Arid Uka shot dead two U.S. airmen at Frankfurt airport in Germany in an Islamist rage. He said the anti-American Hollywood movie “Redacted” motivated him to slaughter the US soldiers. (Daily Mail)
The anti-American anti-military film “Redacted” was made as a political statement in 2007 by Hollywood director Brian De Palma and Dallas Mavericks owner Mark Cuban.
It was fiction.
The Daily Caller reported:
A Balkan Muslim who killed two U.S. Air Force servicemen in March has told a German judge Wednesday that he was motivated after seeing the movie “Redacted,” which was made as a political statement in 2007 by Hollywood director Brian De Palma, Dallas Mavericks owner Mark Cuban and several high-profile movie industry producers.

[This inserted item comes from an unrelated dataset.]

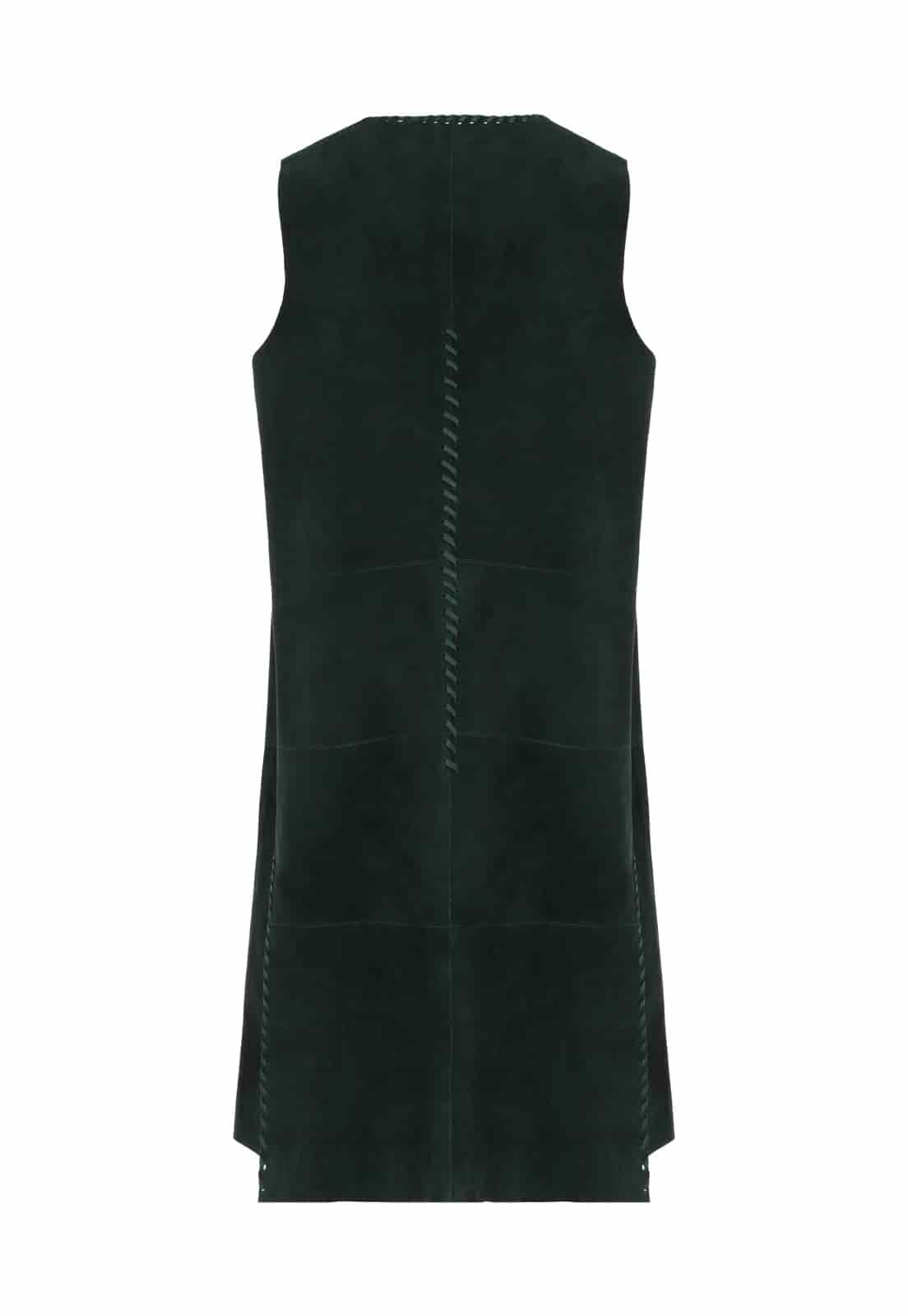 MAXI VEST CHANTAL - miniatura 2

Arid Uka told the judge that that he murdered the two Americans in March after he watched the movie’s graphic depiction of U.S. soldiers raping a girl in Iraq, according to a BBC report. “I thought what I saw in that video, these people would do in Afghanistan,” he said, the BBC reports.
“What I did was wrong, but I cannot undo what I did,” Arid Uka told the court in Frankfurt.
The dead solders were Senior Airman Nicholas Alden, age 25, and Airman 1st Class Zachary Cuddeback, age 21.
“I honestly had not heard about it,” said one “Redacted” producer, Jason Kliot. “I’m terribly sorry to hear that, but I don’t understand how my movie would impel anyone to commit murder,” he said.
“The real culprit here is the tragedy of war, it is not Brian De Palma’s brilliant film,” he said.
“I don’t see how people would be made to commit acts of violence [after watching “Redacted”], any more than they would for watching Fox News,” Kriot said.
The movie — which also depicted U.S. soldiers as racist murderers — was released as U.S. forced stepped up their successful offensive against Al-Qaeda in Iraq, Saddam Hussein supporters and Iran-sponsored Shia groups in 2006 and 2007.
Of course, the far left loved the film.